Ryan Pahl and his family had a little Pomeranian dog named Ozzie. But when the dog wandered into the neighbor's yard, the animal paid the price, and the owner said he feared for his life. Pahl says, "I can't think of one good reason to shoot a 7-pound dog."
Gary Griffiths didn't offer a reason either. When asked, his attorney replied, "We have no comment, thank you."
A West Valley City police officer testified that Griffiths shot his neighbor's dog because the dog had a cat in his mouth. Ozzie's owner doesn't buy it.
Ozzie was shot in the jaw and lower back. The dog went through multiple surgeries, but veterinarians had to euthanize him. The incident left a family emotionally scarred. "He didn't just shoot. He altered six peoples' lives," said Pahl.

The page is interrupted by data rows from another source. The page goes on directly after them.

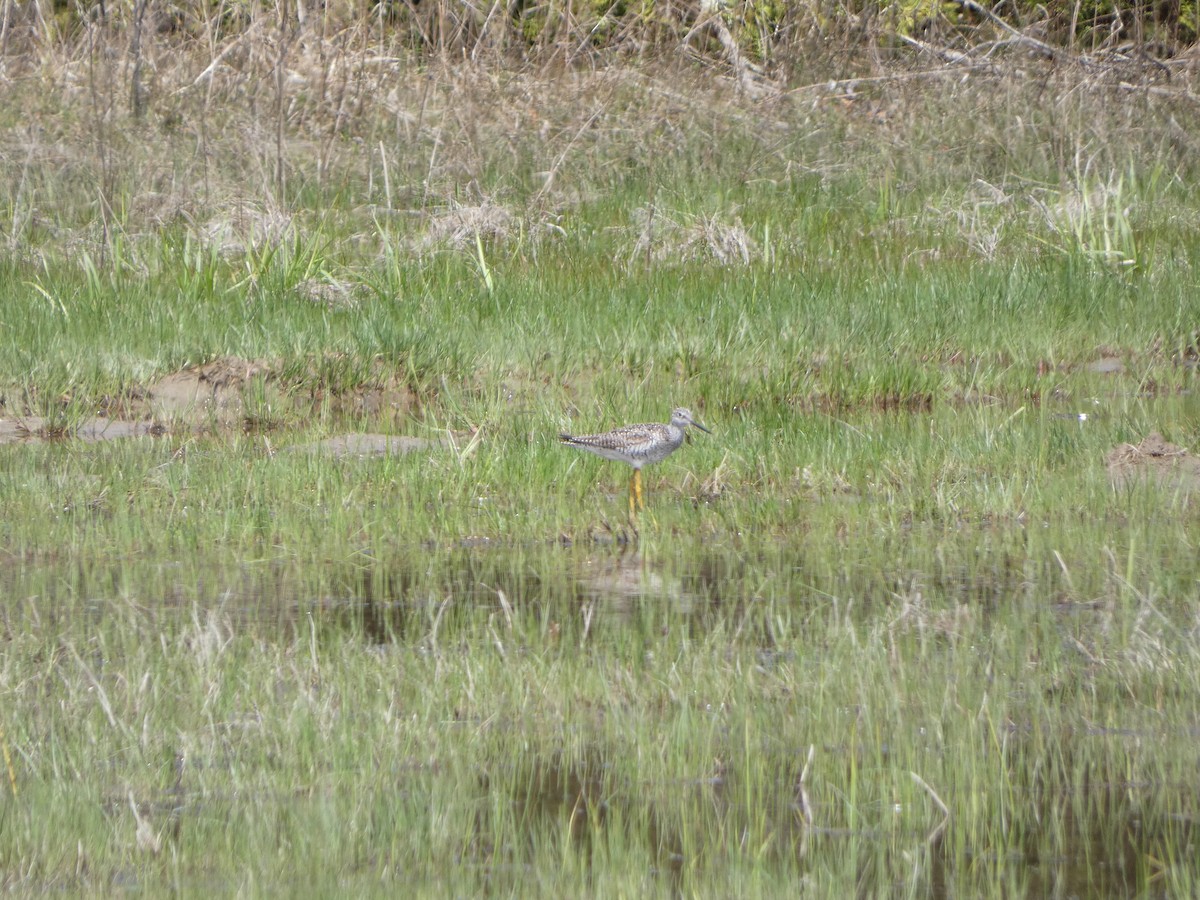 Greater Yellowlegs - ML635422220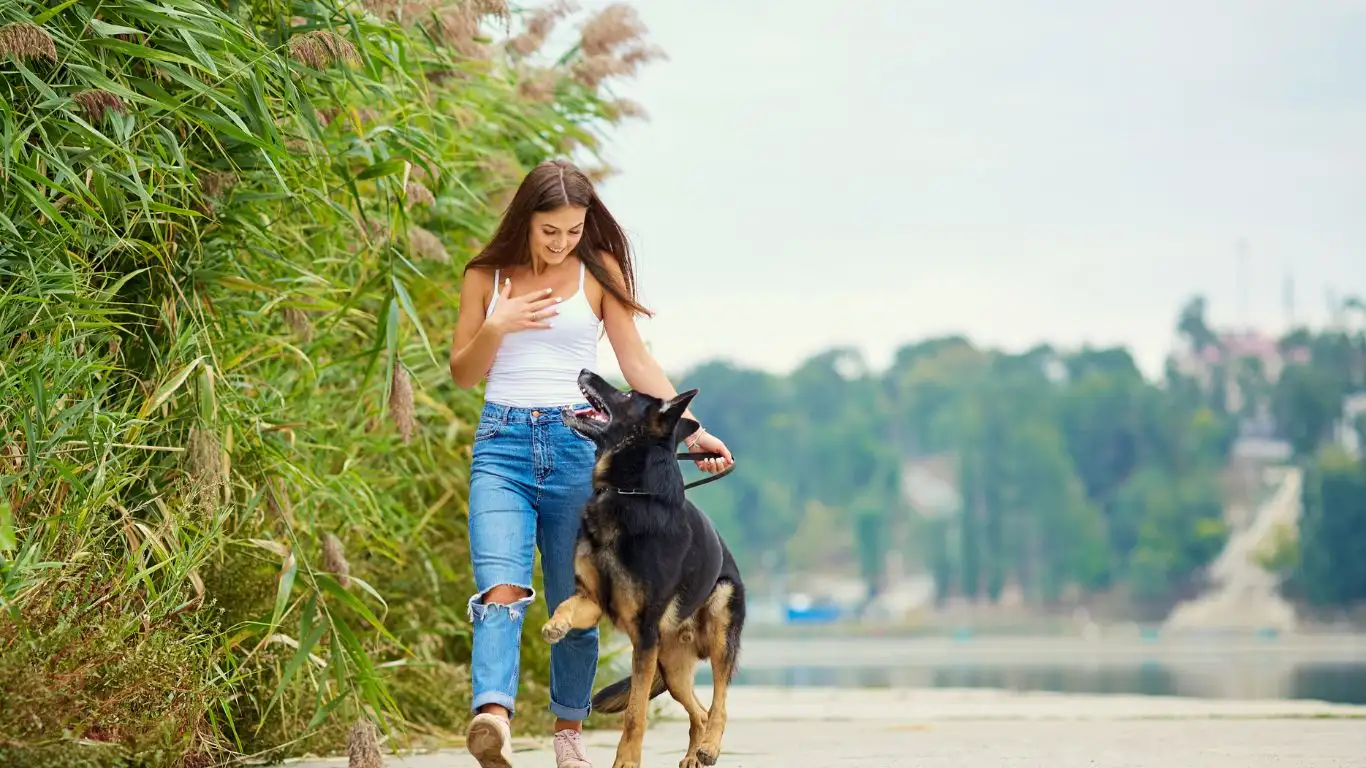 Dog showing playful behavior vs aggressive stance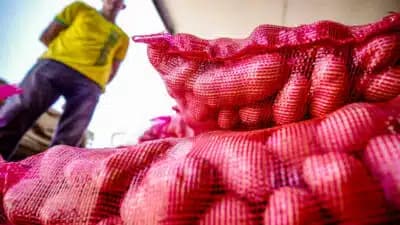 Imagem do post de destaque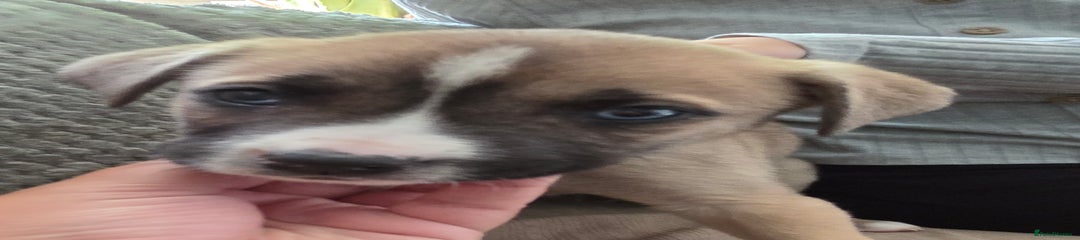 Mixed Breed Puppy 5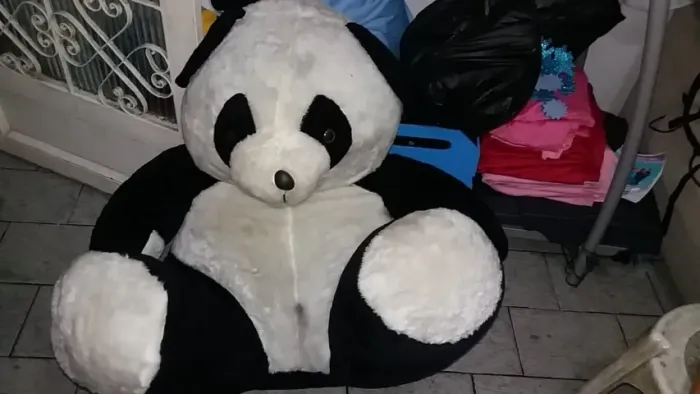 Urso Panda Pelúcia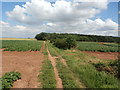 Bridle Path and Crop Fields near Swinston  Hill Wood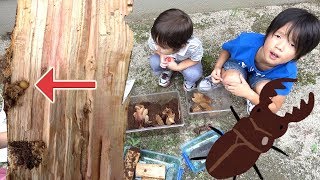 オオクワガタさんの出産！卵と赤ちゃん（幼虫）はじめての出会い★僕とどっちが大きい？カブトムシさんとの別れの次は・・・ 家族Vlog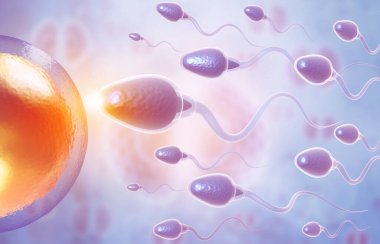 Erkek sperm hücreleri dişi yumurtayı döllüyor. 3d illüstrasyon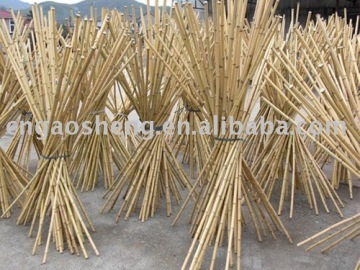 Tonkin bamboo poles,Tonkin bamboo sticks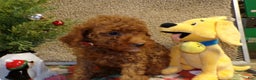 Miniature Poodle dogs for sale: Miniature Poodle Puppy 4 Duke - Ad 2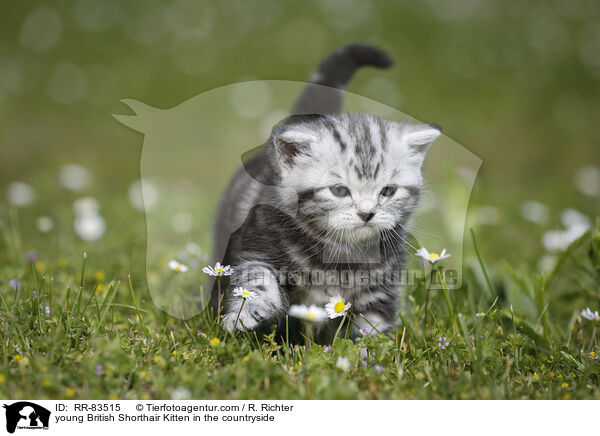 junges Britisch Kurzhaar Ktzchen im Grnen / young British Shorthair Kitten in the countryside / RR-83515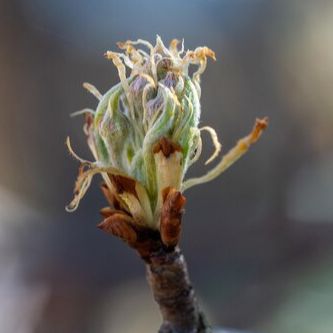 Extrait de bourgeons de Poirier - 50ml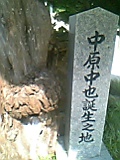 f0062135_1261666.jpg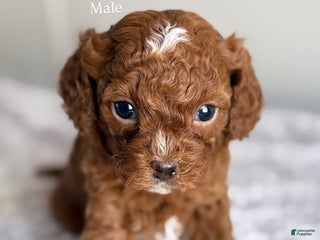 Cavapoo dogs WALKER - Ad 40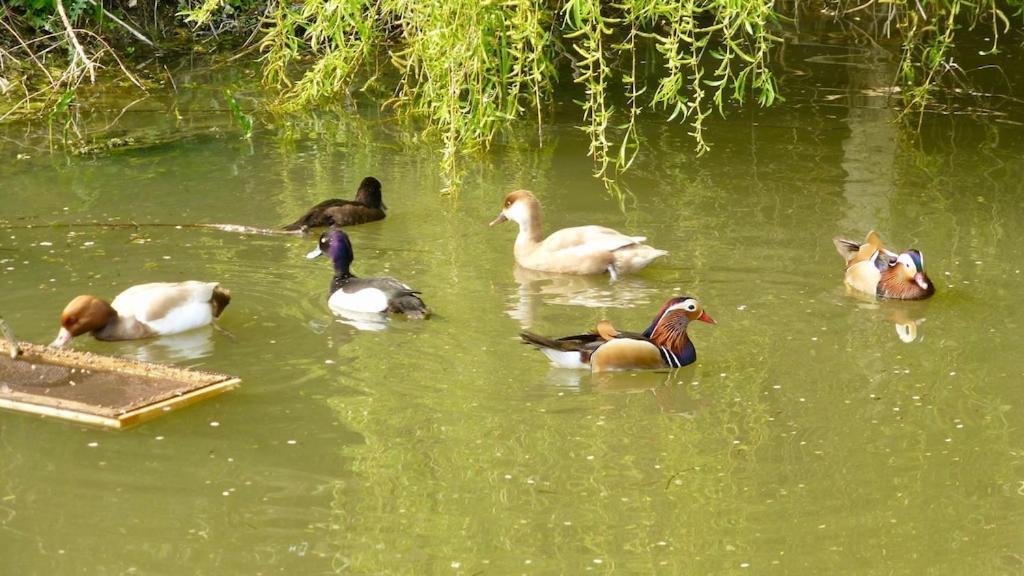 Apartament Owls Nest - Peace And Tranquility Near Woodbridge & Framlingham In Rural Suffolk Zewnętrze zdjęcie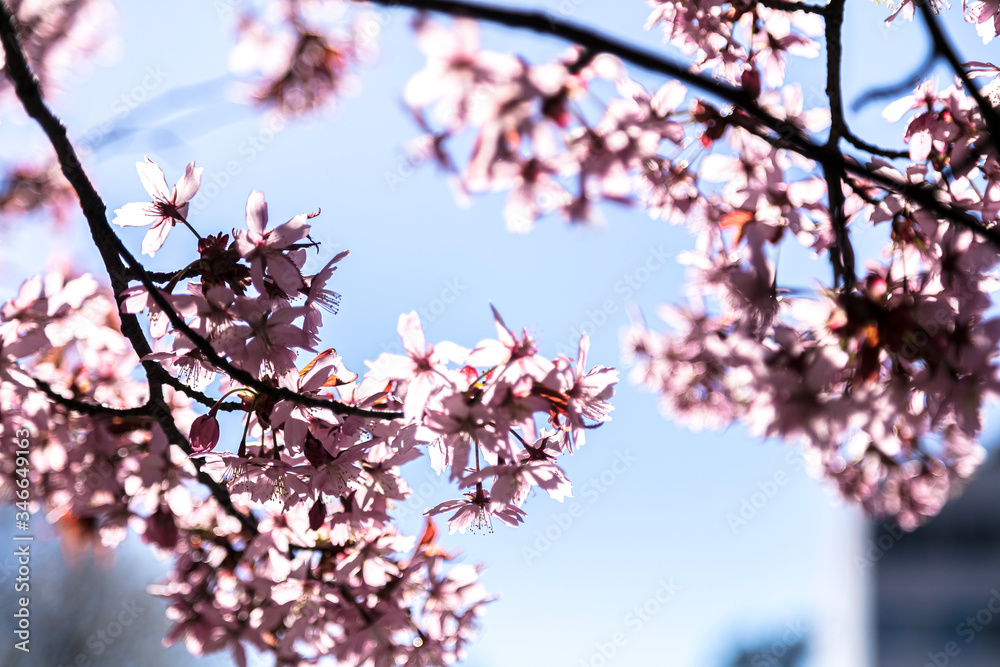 Close up of sakura blossom. Sunny spring day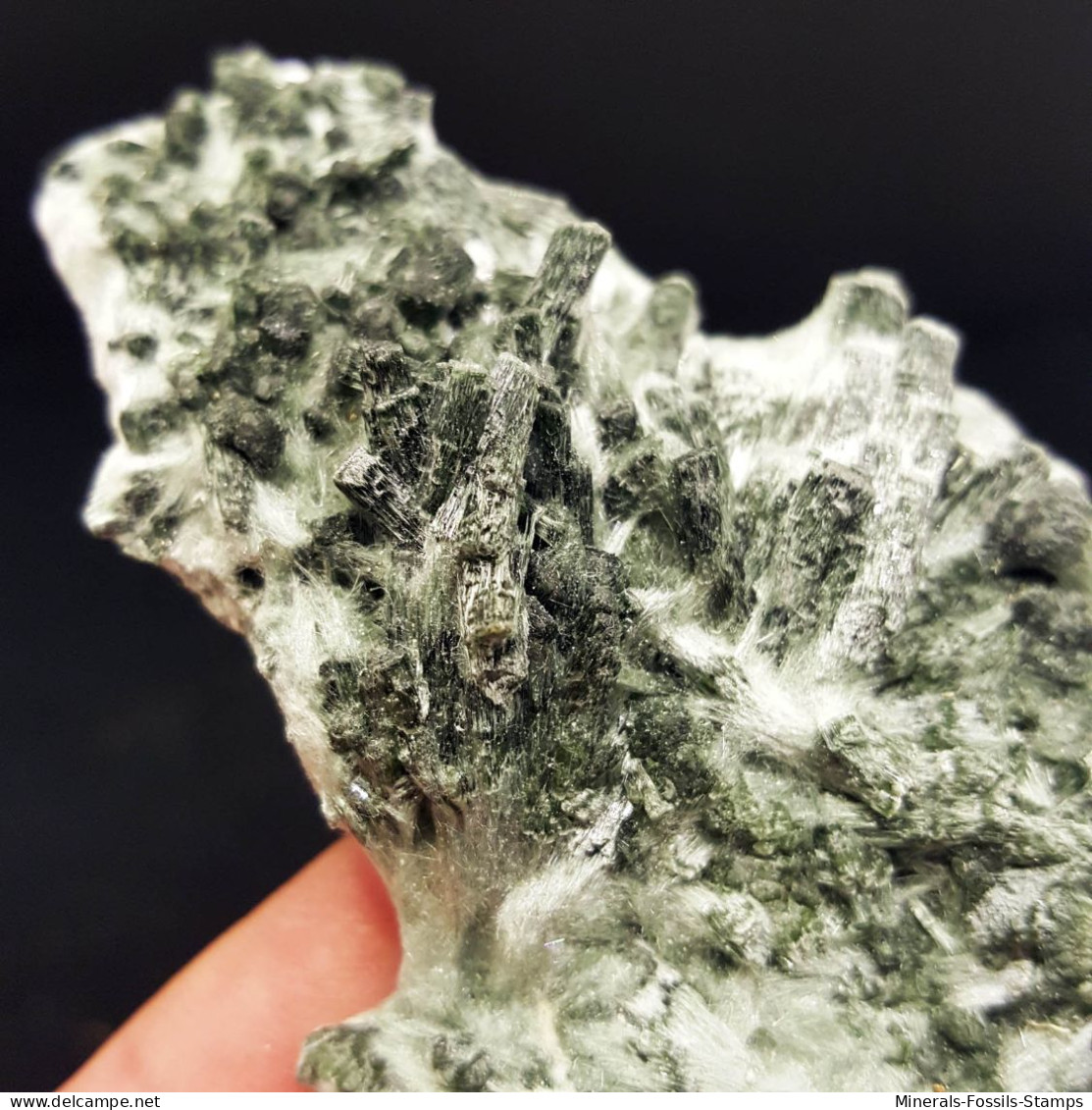 #1.02 - RARA TRAVERSELLITE Var. Diopside Cristalli (Traversella Mine, Torino, Piemonte, Italia) - Minéraux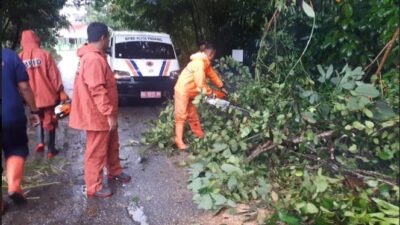 13 Pohon di Padang Tumbang, Angin Porak Porandakan Rumah Warga, Ini Kata Kalaksa BPBD Padang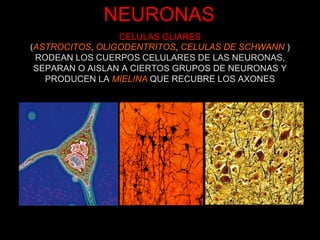 NEURONAS CELULAS GLIARES ( ASTROCITOS ,  OLIGODENTRITOS ,  CELULAS DE SCHWANN   ) RODEAN LOS CUERPOS CELULARES DE LAS NEURONAS, SEPARAN O AISLAN A CIERTOS GRUPOS DE NEURONAS Y PRODUCEN LA  MIELINA  QUE RECUBRE LOS AXONES 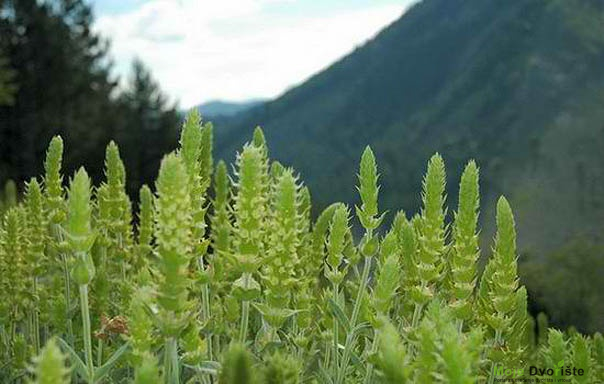 Planinski čaj (Sideritis scardica) | Moje Dvorište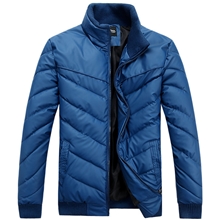 厂家大量批发2013男装秋冬新款男款休闲时尚男士立领保暖棉衣棉服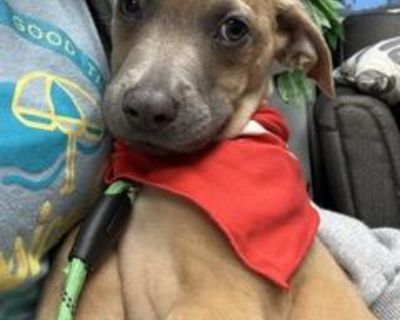 Hi friends, I m Tito! The humans say I am almost 3 months old, 12 lbs, and the definition of fun-sized! They say I'll be 45-55 lbs when I'm all grown up. I'm a Staffie and Aussie mix (my sister looks more Aussie than me but I'm sweeter than her :) I m a happy, funny little guy who loves to be part of the action especially if it means sitting in your lap or following you around to see what you r...
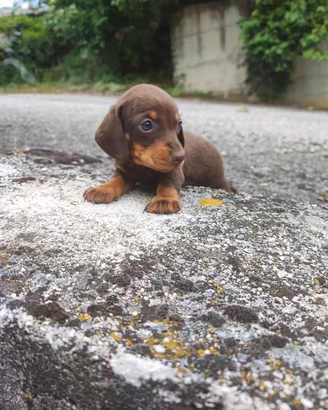 Bassotto tedesco cioccolato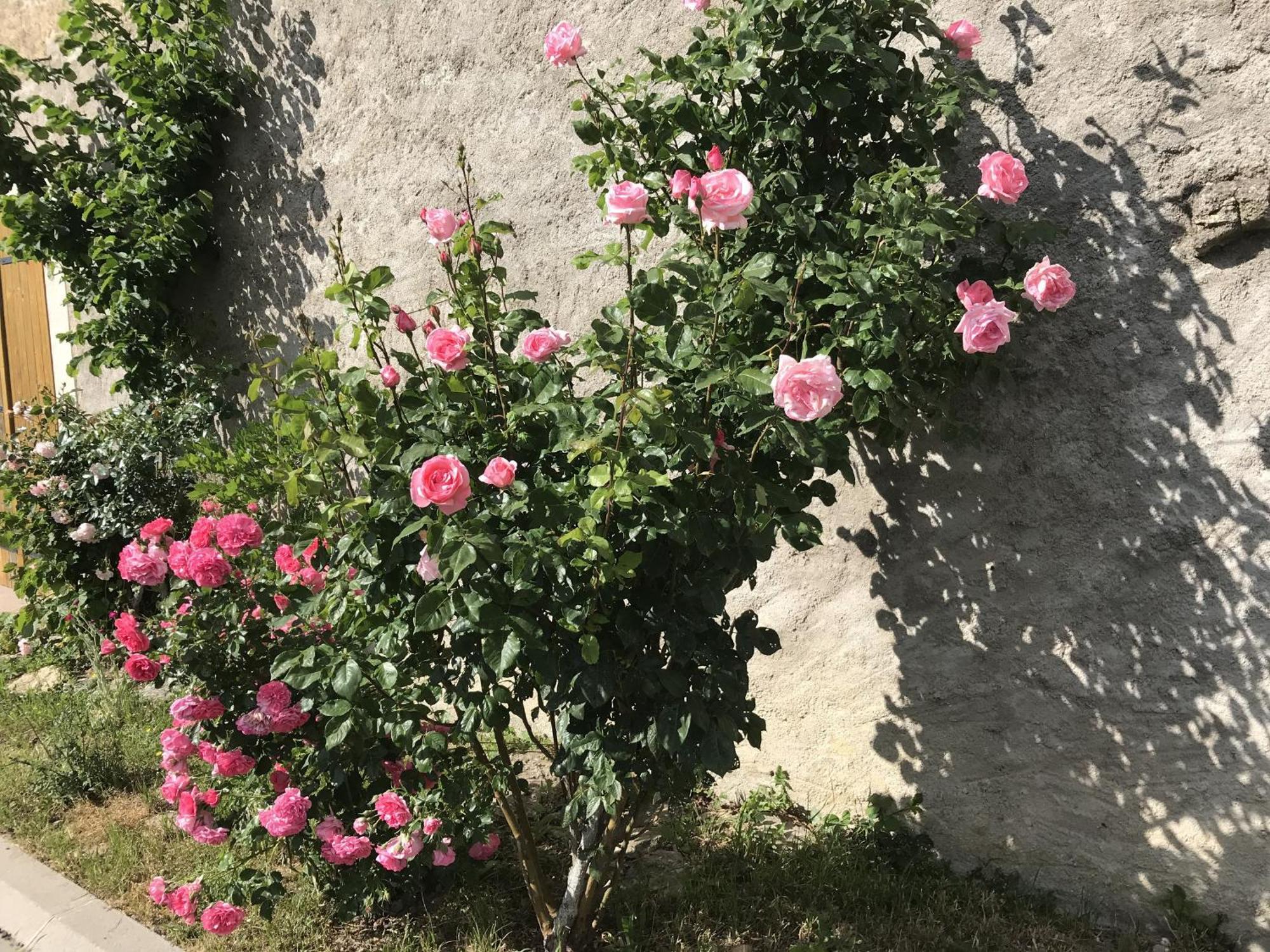 Gite Renove Avec Jardin, Proche Loisirs Et Commerces, A Une Heure De Nancy Et Metz - Fr-1-584-168 Autrepierre المظهر الخارجي الصورة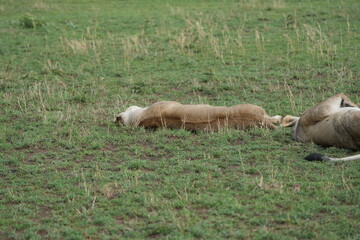 sleeping lion in the serengeti national park after a good meal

But it's what happened after the shooting that brought the dog's owner and his neighbor to court. Ryan Pahl jumped his backyard fence to help his bleeding dog, and he says Griffiths pointed a rifle at him. He said, "I can tell you I could see down the barrel of the rifle."
Griffiths faces a felony for the so-called assault but only a misdemeanor for allegedly shooting Ozzie. "It's shaken the core of our family. And that's a misdemeanor? Are you kidding? That's just ludicrous," Pahl said.
"Just hearing his story I'm reliving everything I'm going through," said Rhonda Kamper. Her ex-boyfriend put her dog Henry in an oven in May 2006. Amazingly the dog survived. The abuser, Marc Vincent, pleaded guilty.
But animal cruelty is only a misdemeanor in Utah. The people in Kamper's camp want it to be a felony. They are pushing for what they call "Henry's Law." Kamper says, "Torturing an animal is not OK. It's gonna progress to more severe things."
Ryan Pahl agrees. He says he hasn't gone into his backyard since the shooting three months ago. He literally feels like a hostage in own home, and the Pahls are considering moving.
The attorney for Griffiths tried to get the charge reduced from assault to brandishing a weapon. The judge did not allow that. This is going to move forward. Griffiths' next court appearance is on December 14.